This documentation is for an unreleased version of Apache Paimon. We recommend you use the latest stable version.
DataFrame #
Paimon supports creating table, inserting data, and querying through the Spark DataFrame API.
Create Table #
You can specify table properties with option
or set partition columns with partitionBy
if needed.
val data: DataFrame = Seq((1, "x1", "p1"), (2, "x2", "p2")).toDF("a", "b", "pt")
data.write.format("paimon")
.option("primary-key", "a,pt")
.option("k1", "v1")
.partitionBy("pt")
.saveAsTable("test_tbl") // or .save("/path/to/default.db/test_tbl")
Insert #
Insert Into #
You can achieve INSERT INTO semantics by setting the mode to append
(by default).
val data: DataFrame = ...
data.write.format("paimon")
.mode("append") // by default
.insertInto("test_tbl") // or .saveAsTable("test_tbl") or .save("/path/to/default.db/test_tbl")
Note: insertInto
ignores the column names and just uses position-based write,
if you need to write by column name, use saveAsTable
or save
instead.
Insert Overwrite #
You can achieve INSERT OVERWRITE semantics by setting the mode to overwrite
with insertInto
.
It supports dynamic partition overwritten for partitioned table.

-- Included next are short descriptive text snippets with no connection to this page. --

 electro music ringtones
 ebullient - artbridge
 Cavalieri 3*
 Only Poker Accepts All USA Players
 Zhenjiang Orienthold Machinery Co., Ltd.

To enable dynamic overwritten you need to set the Spark session configuration spark.sql.sources.partitionOverwriteMode
to dynamic
.
val data: DataFrame = ...
data.write.format("paimon")
.mode("overwrite")
.insertInto("test_tbl")
Replace Table #
You can achieve REPLACE TABLE semantics by setting the mode to overwrite
with saveAsTable
or save
.
It first drops the existing table and then create a new one, so you need to specify the table’s properties or partition columns if needed.
val data: DataFrame = ...
data.write.format("paimon")
.option("primary-key", "a,pt")
.option("k1", "v1")
.partitionBy("pt")
.mode("overwrite")
.saveAsTable("test_tbl") // or .save("/path/to/default.db/test_tbl")
Query #
spark.read.format("paimon")
.table("t") // or .load("/path/to/default.db/test_tbl")
.show()